SONHO SUBTERRÂNEO
“O mineiro subterrâneo que trabalha em todos nós,
como poderá alguém dizer aonde leva seu poço de entrada,
pelo som abafado e sempre mutável de sua picareta?”
H. Melville
H. Melville
Num meio dia de fim tive um sonho.
Vi uma mala cheia de esperanças sonháveis
vagueando a minha volta.
Vinham como os meus versos,
próximas de abandonarem a mala
e adentrarem o meu íntimo.
Tinham fugido dos livros
e diziam ter passeado por um muro que Caeiro não pulou.
E rodeavam-me, prestes a de vez invadirem-me a alma
– o espaço sem cercados do meu súbito interior,
meus versos permanecentes.
Entrando por minha janela se alojaram num fundo de mina do meu ser.
Dormiriam em mim, como os artífices desqualificados da metrópole
– os anônimos, UDR(mente) expulsos da terra-mãe
por caiados de gravata, que jamais alcançarão um sentimento Caeiro.
Soltariam em meus lençóis o suor que sustentava
a loucura citadina do meu ócio enganador.
Mas eu não ia acolhê-los do lado de dentro de minha janela sem saída.

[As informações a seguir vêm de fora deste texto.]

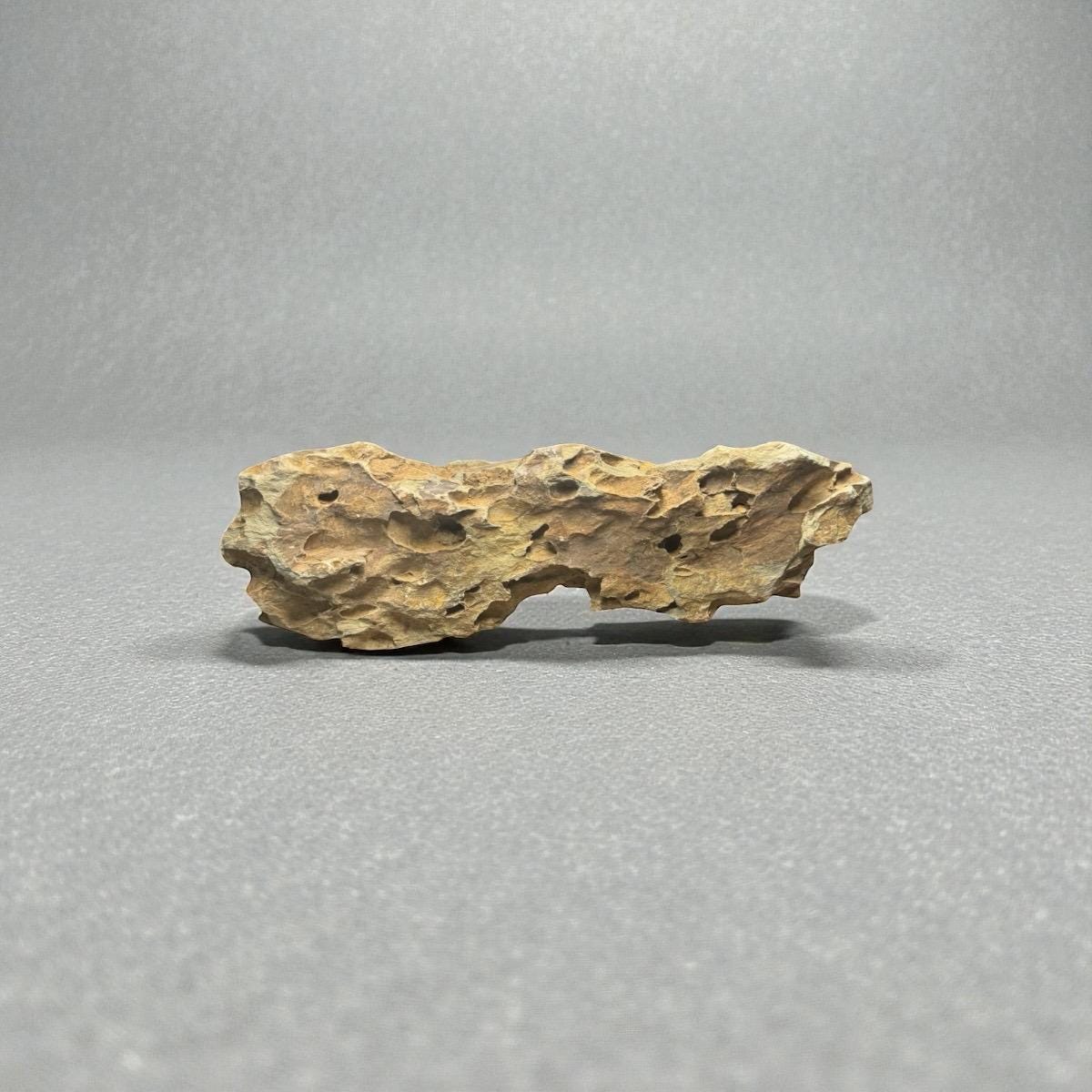 Dragon stone (ohko stone) with rugged, porous, warm tan texture, displayed on a smooth gray background for aquarium aquascaping.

Um dia em que eu não conseguia dormir
noite alta pus-me a fuçar a mala...
Sem querer achei um fundo falso, de onde retirei
uma caixa dos milagres,
o que possibilitou-me apropriar-me de três deles.
Com o primeiro fiz com que nenhum leitor jamais percebesse
que eu não sou poeta de verdade.
Com o segundo voltei a ser menino
acumuladas todas as descobertas de minha idade real.
Com o terceiro transcriei-me em poeta
amigo do menino.
Depois saí sob o sol
levando-o com seu chapéu de criança crescida.
Hoje ele vive comigo em meu apê.
É um garoto travesso, cheio de peraltagens.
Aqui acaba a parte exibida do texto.